WORK INSTRUCTION: No pictures go into the copy. Write out every line below exactly.

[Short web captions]
☆ ☆ ☆ ☆

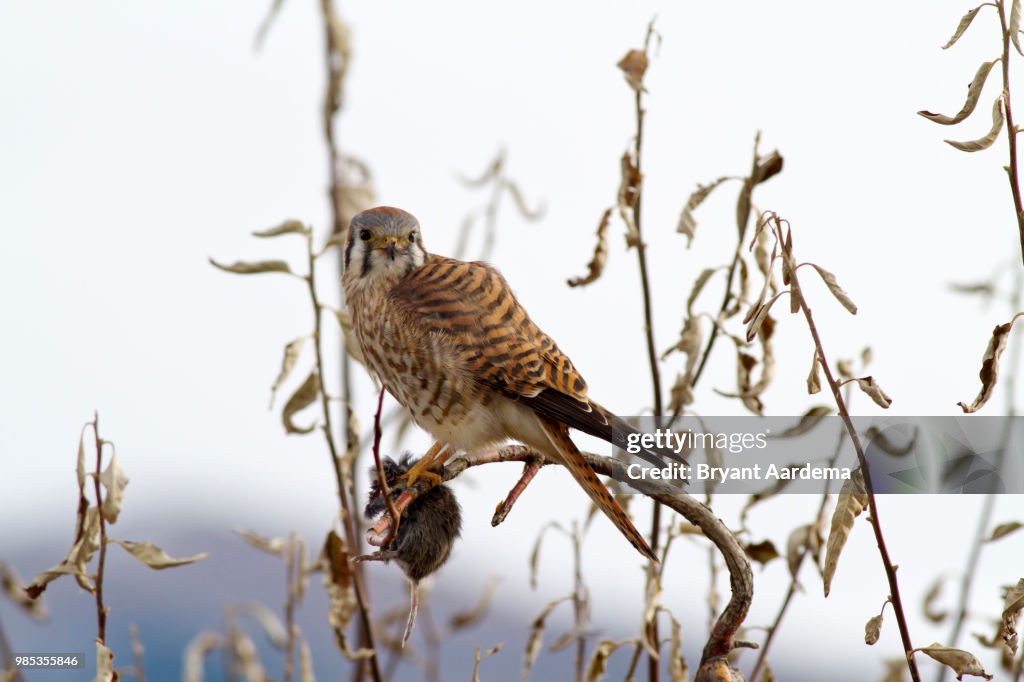 Kestrel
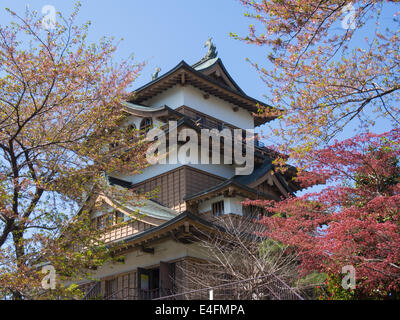 Takashima Schloss in Suwa, Nagano, Japan Stockfoto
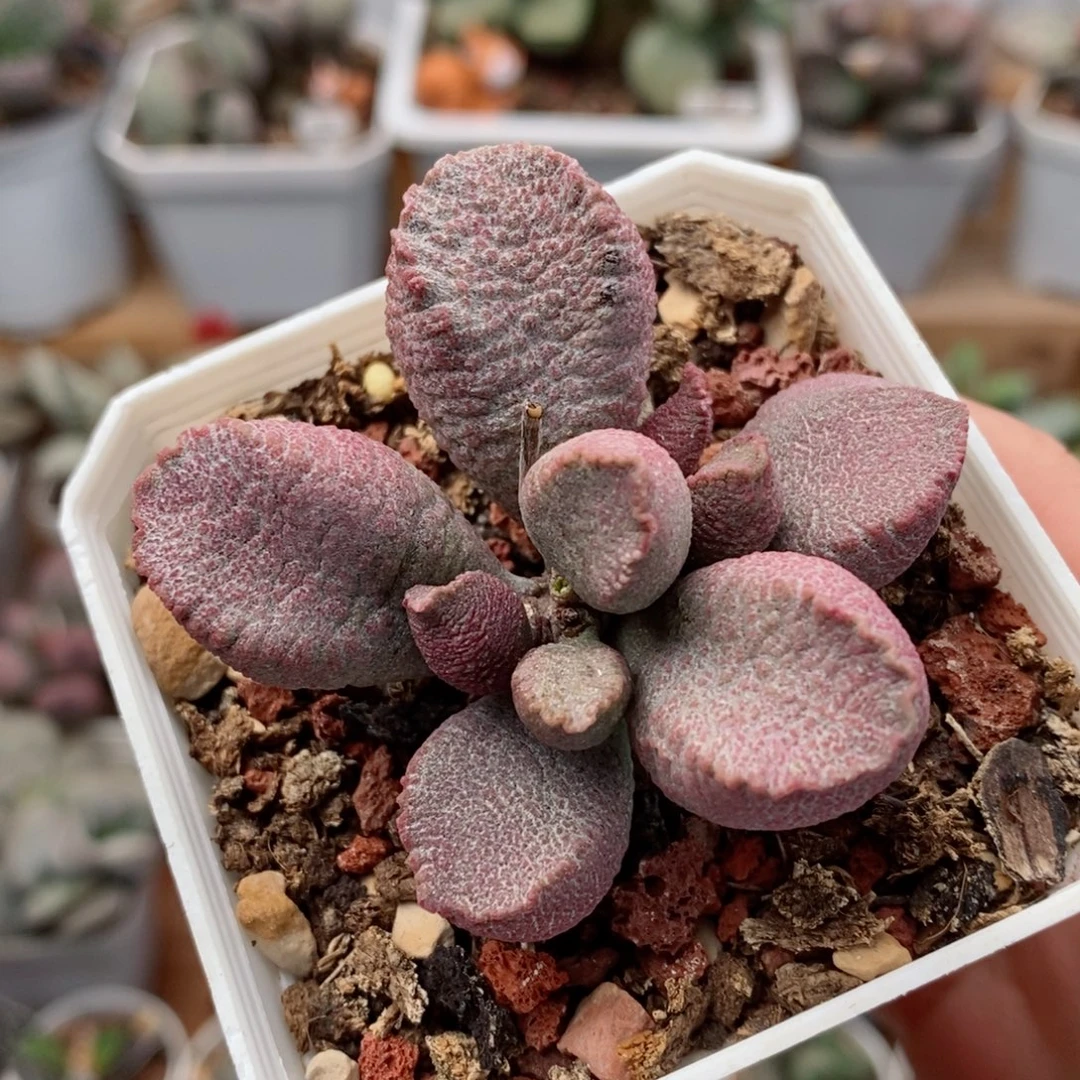 实生新品12号水泡多肉植物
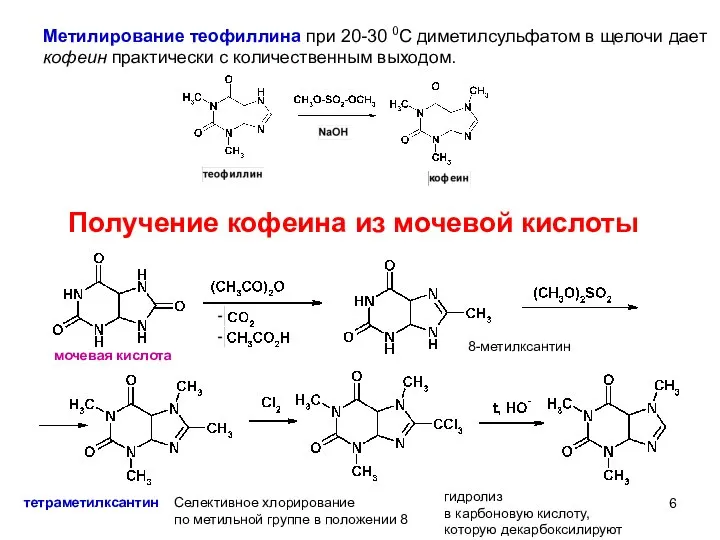 мочевая кислота Получение кофеина из мочевой кислоты 8-метилксантин тетраметилксантин Селективное хлорирование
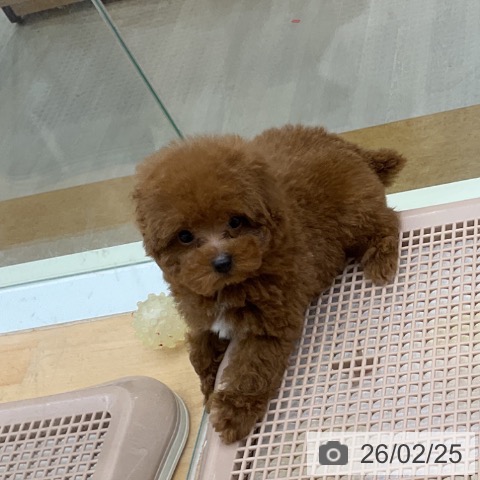 熊本県のトイプードル(トイ) (ペットプラス 熊本店/2025年12月15日生まれ/男の子/レッド)の子犬の4枚目の画像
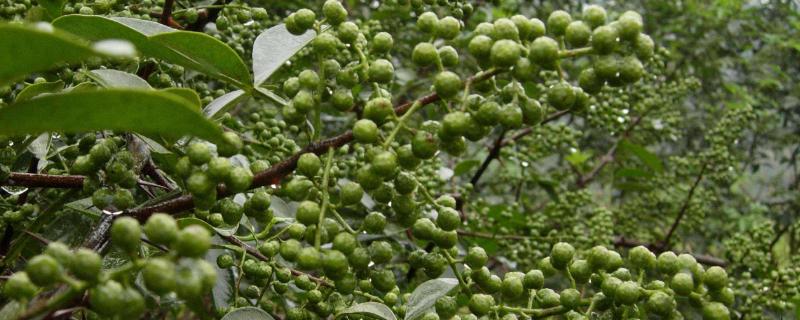 花椒種植市場飽和了嗎，附花椒種植前景及利潤分析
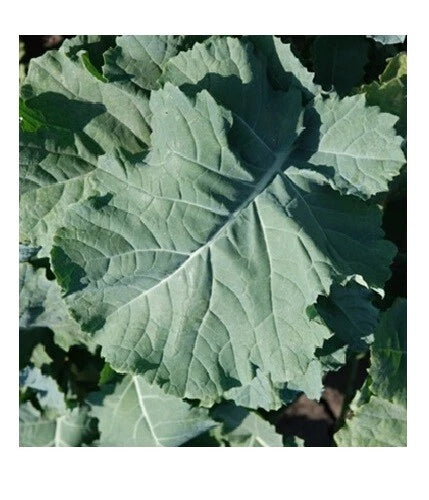 Kale Seeds - 1000 Count - Premier Compact Heirloom Variety - Cold Hardy - Brassica oleracea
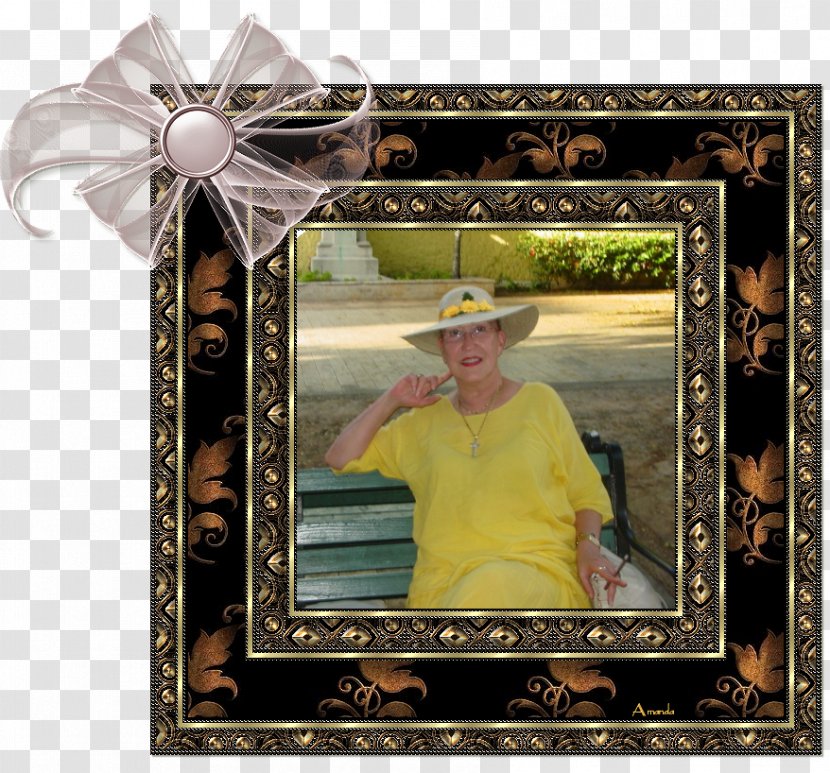 Picture Frames - Frame - Pissa Transparent PNG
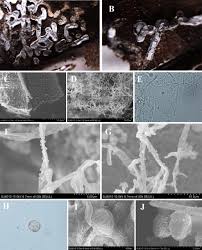 Attēlu rezultāti vaicājumam “Diderma chondrioderma spores”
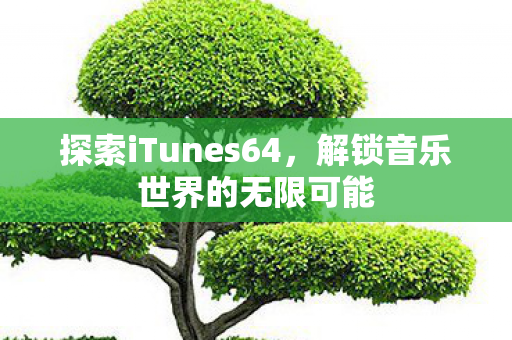 探索iTunes64，解锁音乐世界的无限可能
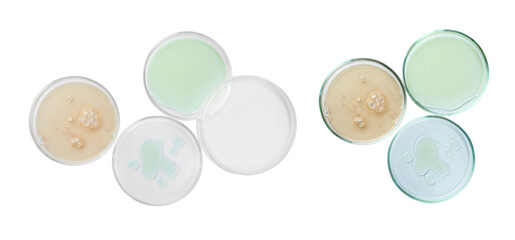 Set of Petri dishes with liquid samples isolated on white, top view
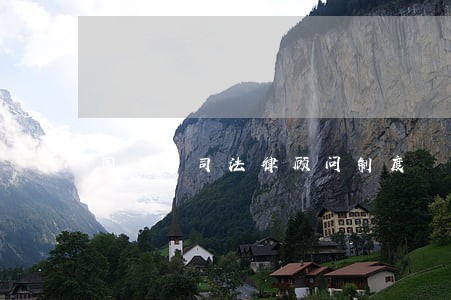 国企公司法律顾问制度 国企公司法律顾问制度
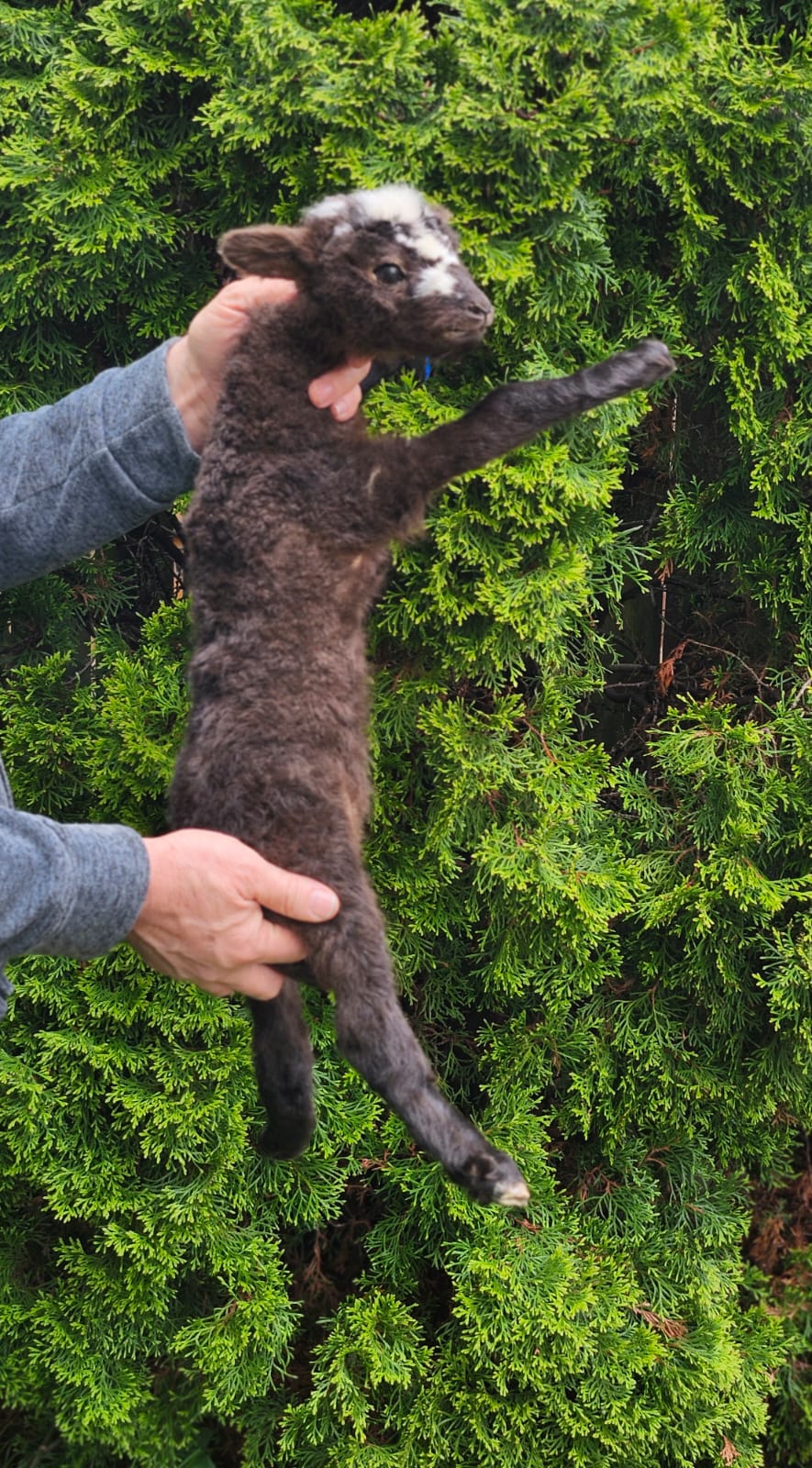 Floppy soft mount baby lamb taxidermy,  goat, sheep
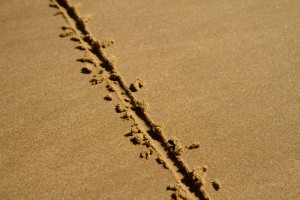 Line in Sand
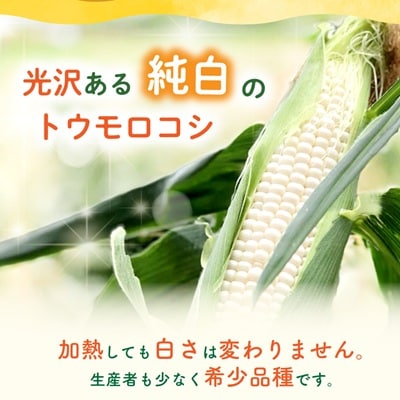 まるでフルーツ 村田農園のパールコーン 10本【大人気の白いとうもろこし(ホワイトコーン)】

☆ ☆ ☆ ☆

SOLUTION BELOW:
 Kestrel
 Takashima Schloss in Suwa, Nagano, Japan Stockfoto
 实生新品12号水泡多肉植物
 мочевая кислота Получение кофеина из мочевой кислоты 8-метилксантин тетраметилксантин Селективное хлорирование
 熊本県のトイプードル(トイ) (ペットプラス 熊本店/2025年12月15日生まれ/男の子/レッド)の子犬の4枚目の画像
 花椒種植市場飽和了嗎，附花椒種植前景及利潤分析
 Kale Seeds - 1000 Count - Premier Compact Heirloom Variety - Cold Hardy - Brassica oleracea
 Picture Frames - Frame - Pissa Transparent PNG
 Attēlu rezultāti vaicājumam “Diderma chondrioderma spores”
 探索iTunes64，解锁音乐世界的无限可能
 Set of Petri dishes with liquid samples isolated on white, top view
 国企公司法律顾问制度 国企公司法律顾问制度
 Floppy soft mount baby lamb taxidermy,  goat, sheep
 Line in Sand
 まるでフルーツ 村田農園のパールコーン 10本【大人気の白いとうもろこし(ホワイトコーン)】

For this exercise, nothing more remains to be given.